Comparison of simulated results to analytical predictions. Dashed lines are simulations and full lines are analytical predictions. Simulations are on two different networks, which have the same mean and variance for their degree distribution (mean \(\approx 5.4\) and variance \(\approx 67.2\)) but different skewness: 24.3 for red/black lines and 6.7 for the pink/grey lines. Transmission and recovery rates are \(\tau = 0.0308\) and \(\gamma = 0.1\) respectively. a shows a period of time at which we have agreement in the growth of the number of infecteds between the two networks that is strongly in agreement with the theoretical prediction from Diekmann and Heesterbeek (2000). b is also taken for this time and we can see that the theoretical prediction that we have described previously in this paper deviates slightly from simulation, with this most pronounced early on when \(O(N^{-1})\) corrections should be most significant (color figure online)

Fig. 3
figure 3

Test of the binomial assumption. 100 Monte Carlo realisations were run for parameters \(N=10^5, P(4) = 2/3, P(8) = 1/3, \tau = 0.8, \gamma = 1\). a shows a typical epidemic curve and four time points sampled. b shows the empirical histograms for \(I\) around an \(S_k\) node and \(S\) around an \(I_k\) node at each time point, and the equivalent binomial for susceptible central nodes, together with 95 % prediction intervals across simulations (where each simulation is time-shifted to agree on the first time at which \([I]=100\)) to give an indication of finite-size effects. This shows the accuracy of the asymptotic results even at finite size.

5 Discussion

We have considered the spread of SIR-type infections on networks of heterogenous degree. Using the assumption that the neighbourhood around a node will have a distribution of susceptibles and infecteds which is multinomial (1), we have derived a low dimension deterministic approximation (8) to the stochastic dynamics of the infection which we can write down precisely in the form given by equation (11). A heuristic argument has been given to justify this assumption in the large \(N\) regime.

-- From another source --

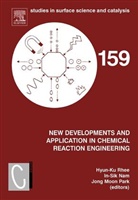 Hyun Ku Rhee, Hyun-Ku (Seoul National University College o Rhee, Hyun-Ku Nam Rhee, RHEE HYUN KU NAM IN SIK PARK JO, In-Sik Nam, Nam In-Sik... - New Developments and Application in Chemical Reaction Engineering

Computer algebra was then used to calculate the covariance matrix of our model using an equation derived by Kurtz. This was then used to give us the variance of the early growth of the epidemic on the network and we extracted the dominant term in the \(t_\mathrm{early} \ll t \ll t_\mathrm{depleted}\) regime which is given by (30). These analytic results were derived for networks of extremely large size.

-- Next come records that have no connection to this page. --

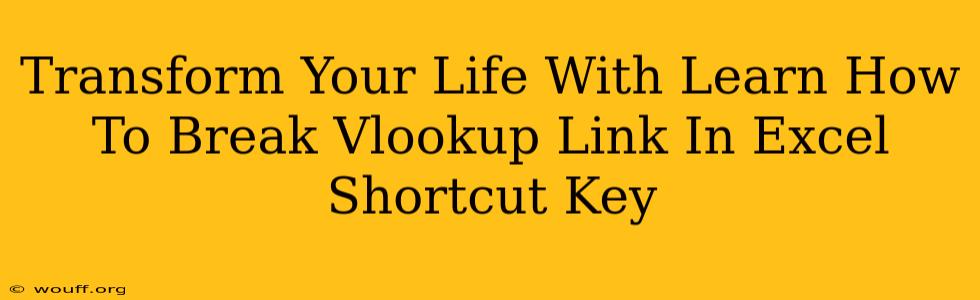 Transform Your Life With Learn How To Break Vlookup Link In Excel Shortcut Key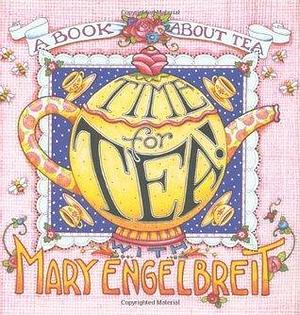 Time for Tea!: With Mary Engelbreit by Barbara Elliott Martin, Mary Engelbreit, Mary Engelbreit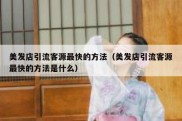 美发店引流客源最快的方法（美发店引流客源最快的方法是什么）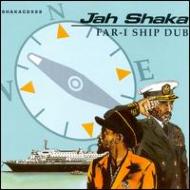 Jah Shaka/Far-i Ship Dub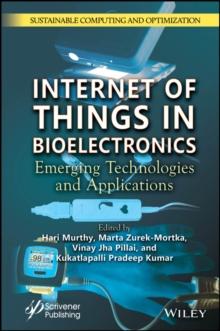 Internet of Things in Bioelectronics : Emerging Technologies and Applications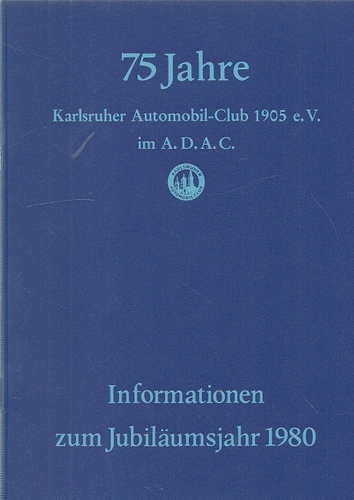 ADAC  75 Jahre Karlsruher Automobil-Club 1905 e.V. im A.D.A.C. (Informationen zum Jubiläumsjahr)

By comparing the solution that was derived analytically with simulations, we have been able to demonstrate that with a network of size \(10^5\) we can get a strong agreement between the two as can be seen in Fig. 2.

We have shown that as the degree skewness of the network increases, so does the variance of the number of infecteds during the early growth. An implication of this result is that in the situation of an outbreak of a disease, if we are able to target the very well connected people in the network, then we can (as well as has been previously established) decrease the impact of the disease efficiently—but such an intervention would also mitigate the ‘reasonable worst case scenario’ in how many people will become infected by reducing the variability of the epidemic.

Another potential application of our results is to improve the estimation of epidemiological parameters during early growth of an epidemic. The possibility of estimating the variability in prevalence, together with a relationship between such variability and underlying model parameters, could enhance statistical work on epidemic prevalence curves.

In conclusion, we have shown how a low-dimensional system of stochastic differential equations can be used to describe the diffusion limit of a stochastic epidemic on a heterogeneous network, and have drawn out epidemiological conclusions from this model.